Reference: 217. Contains Duplicate

Problem statement

In this problem we have an input integer array nums and we have to return true if any value appears at least twice in the array and we have to return false if all the values in the array are distinct.

Example from leetcode.

Example 1:
Input: nums = [1,2,3,1]
Output: true

Example 2:
Input: nums = [1,2,3,4]
Output: false

Example 3:
Input: nums = [1,1,1,3,3,4,3,2,4,2]
Output: true

Constraints:

1 <= nums.length <= 10^5
-10^9 <= nums[i] <= 10^9

In example 1, we can see that number 1 appear twice hence we will return true.

In example 2, all the numbers are distinct so we return false.

And in example 3, we have multiple numbers that appear more than twice hence we return true.

Approach

To solve this problem we will have to keep track of the number of times we have see a given element in the nums array.

For example, if our input array nums is [1, 2, 3, 1] then we will go through the array and for each new element we will add that element in a hash map and set the value to true. If we again encounter an element that we have already saved in the has map then this will indicate that we have duplicates in the array.

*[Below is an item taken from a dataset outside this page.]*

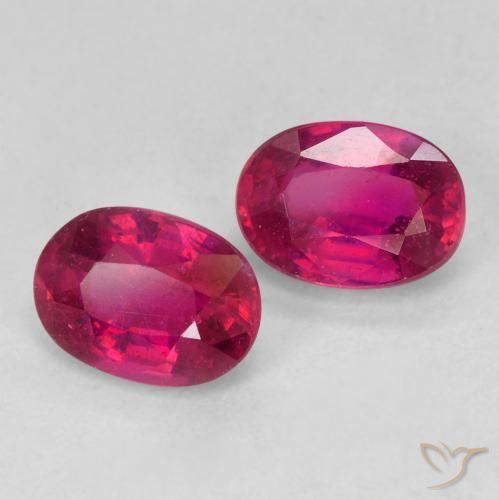 2.35 ctw Red Ruby Stones, Natural Ruby in Oval Facet Shape for Sale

This is how the steps will look like.

 hashmap = {}
nums = [1, 2, 3, 1]
        ^
1 is not present in the hash map, make new entry.
hashmap = {
  1: true
}


nums = [1, 2, 3, 1]
           ^
2 is not present in the hash map, make new entry.
hashmap = {
  1: true,
  2: true
}


nums = [1, 2, 3, 1]
              ^
3 is not present in the hash map, make new entry.
hashmap = {
  1: true,
  2: true,
  3: true
}


nums = [1, 2, 3, 1]
                 ^
1 is present in the hash map, we found a duplicate
hashmap = {
  1: true, <---- 1 is already present in the hash map
  2: true,
  3: true
}

Code

JavaScript

/**
 * @param {number[]} nums
 * @return {boolean}
 */
var containsDuplicate = function(nums) {
  const hm = new Map();
  for(let n of nums) {
    if(hm.has(n)) return true;
    hm.set(n, true);
  }
  return false;
};

Complexity

Time complexity: O(n)

In the worst case, we will traverse the whole array and if there are n elements then our time complexity will be O(n).

Space complexity: O(n)

In the worst case, our hash map will save n elements. Thus the space complexity will be O(n).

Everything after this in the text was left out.